Poi uno dei momenti più sentiti del viaggio: «Abbiamo visitato uno dei cimiteri della città: interi campi di tombe freschissime, punteggiati dalle bandiere ucraine, ricordano i soldati morti al fronte. Qui la stima per i militari è altissima, sono considerati i protettori della nazione, mentre nella politica la fiducia è sempre meno».

Quello incontrato da Seghezzi è un «popolo fierissimo, determinato a combattere per difendere la propria libertà» ma anche una «società civile determinata a ripartire, professori, imprenditori e cittadini che hanno accolto come un gesto di vicinanza e speranza la visita di persone comuni, come loro».

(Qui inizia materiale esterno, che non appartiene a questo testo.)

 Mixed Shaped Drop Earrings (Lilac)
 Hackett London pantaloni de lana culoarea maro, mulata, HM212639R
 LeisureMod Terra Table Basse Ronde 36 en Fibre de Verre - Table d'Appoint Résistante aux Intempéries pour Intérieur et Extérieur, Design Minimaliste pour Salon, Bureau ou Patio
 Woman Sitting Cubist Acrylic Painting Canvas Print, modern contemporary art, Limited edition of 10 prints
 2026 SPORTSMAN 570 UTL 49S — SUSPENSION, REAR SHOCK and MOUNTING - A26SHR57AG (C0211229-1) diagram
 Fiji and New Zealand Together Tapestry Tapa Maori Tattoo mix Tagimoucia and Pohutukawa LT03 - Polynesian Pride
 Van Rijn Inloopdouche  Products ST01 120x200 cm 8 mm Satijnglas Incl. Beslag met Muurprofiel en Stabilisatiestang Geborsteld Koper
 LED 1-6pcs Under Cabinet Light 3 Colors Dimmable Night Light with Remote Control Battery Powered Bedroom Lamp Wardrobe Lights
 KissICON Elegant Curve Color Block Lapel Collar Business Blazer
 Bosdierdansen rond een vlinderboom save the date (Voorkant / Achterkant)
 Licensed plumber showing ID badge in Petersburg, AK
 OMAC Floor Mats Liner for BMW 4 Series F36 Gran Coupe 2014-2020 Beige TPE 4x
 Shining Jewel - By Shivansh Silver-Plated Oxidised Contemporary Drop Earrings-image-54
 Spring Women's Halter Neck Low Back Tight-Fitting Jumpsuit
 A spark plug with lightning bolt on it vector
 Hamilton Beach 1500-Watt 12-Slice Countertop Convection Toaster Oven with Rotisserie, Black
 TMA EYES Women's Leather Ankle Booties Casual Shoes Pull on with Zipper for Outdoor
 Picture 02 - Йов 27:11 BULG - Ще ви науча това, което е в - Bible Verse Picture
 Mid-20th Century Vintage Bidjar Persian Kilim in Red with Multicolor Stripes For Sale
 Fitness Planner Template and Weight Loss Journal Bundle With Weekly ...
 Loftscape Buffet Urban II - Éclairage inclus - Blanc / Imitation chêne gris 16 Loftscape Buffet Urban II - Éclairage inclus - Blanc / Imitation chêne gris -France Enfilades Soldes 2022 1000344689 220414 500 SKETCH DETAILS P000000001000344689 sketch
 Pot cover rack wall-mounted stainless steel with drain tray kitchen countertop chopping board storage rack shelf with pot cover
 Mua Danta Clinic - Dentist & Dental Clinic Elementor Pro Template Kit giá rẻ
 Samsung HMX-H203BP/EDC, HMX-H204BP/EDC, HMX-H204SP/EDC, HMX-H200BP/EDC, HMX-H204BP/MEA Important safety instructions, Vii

Nella serata di venerdì i volontari italiani sono stati poi accolti alla Filarmonica di Kharkiv per un concerto d’organo organizzato per l’occasione: «In questi ultimi anni quest’organo, che è il più grande del Paese, ha suonato poche volte. È stato un momento colmo di emozione che corona un’esperienza umana che ci fa tornare decisamente più carichi di significato e riflessioni di quando siamo partiti. Vedere in faccia le persone, confrontarsi con quel popolo di cui si parla spesso come qualcosa di lontano, non ha pari».